Restricted Boltzmann Machines are Hard to Approximately Evaluate or Simulate.
P. Long and R. Servedio.
27th International Conference on Machine Learning (ICML), 2010, pp. 703-710.


Restricted Boltzmann Machines (RBMs) are a type of probability model over the Boolean cube $\{-1,1\}^n$ that have recently received much attention.
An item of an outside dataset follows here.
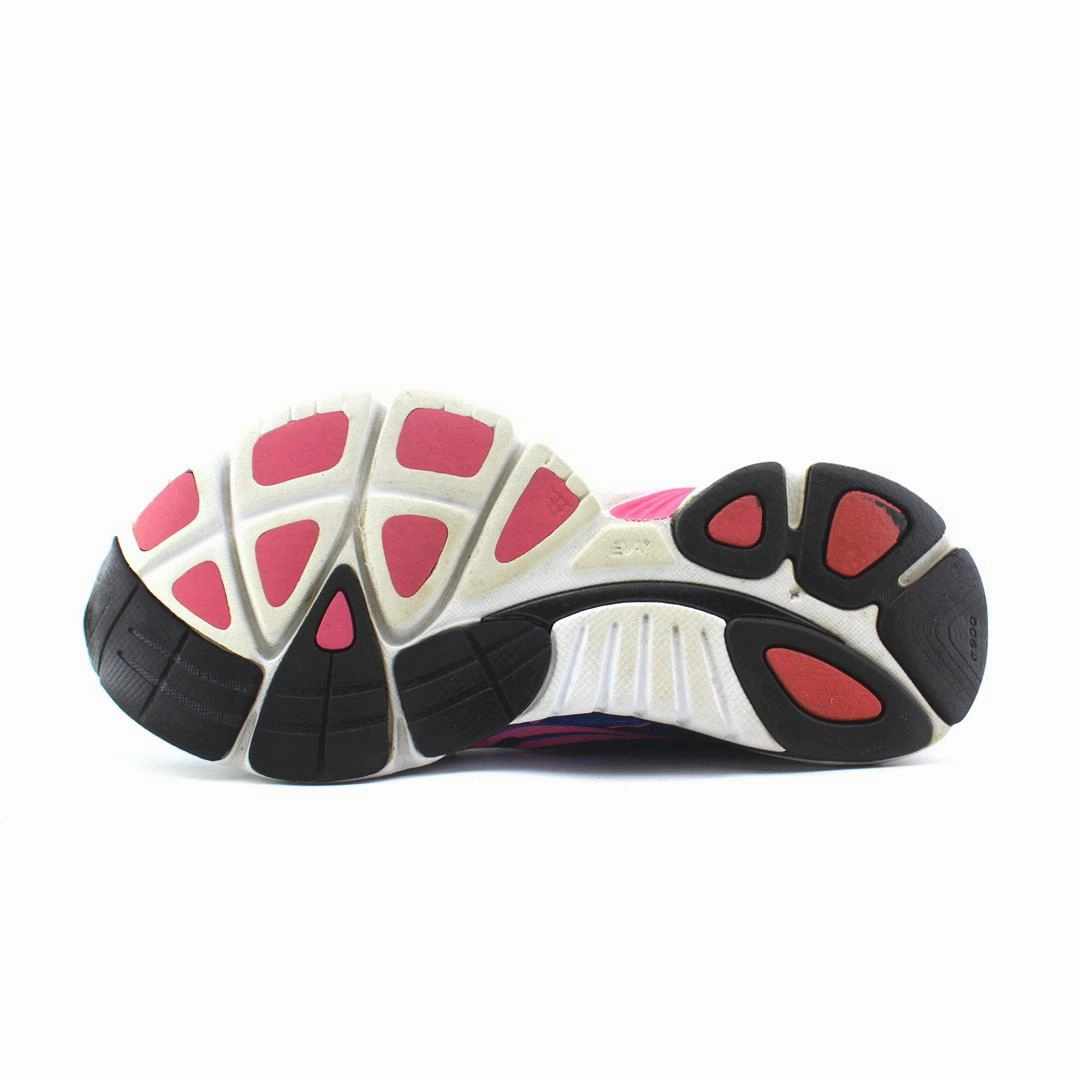 SAUCONY MIRAGE 2 Saucony casual footwear looks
We establish the intractability of two basic computational tasks involving RBMs, even if only a coarse approximation to the correct output is required.

We first show that assuming P $\neq$ NP, for any fixed positive constant $K$ (which may be arbitrarily large) there is no polynomial-time algorithm for the following problem: given an $n$-bit input string $x$ and the parameters of a RBM $M$, output an estimate of the probability assigned to $x$ by $M$ that is accurate to within a multiplicative factor of $e^{Kn}$. This hardness result holds even if the parameters of $M$ are constrained to be at most $\psi(n)$ for any function $\psi(n) = \omega(n)$, and if the number of hidden nodes of $M$ is at most $n$.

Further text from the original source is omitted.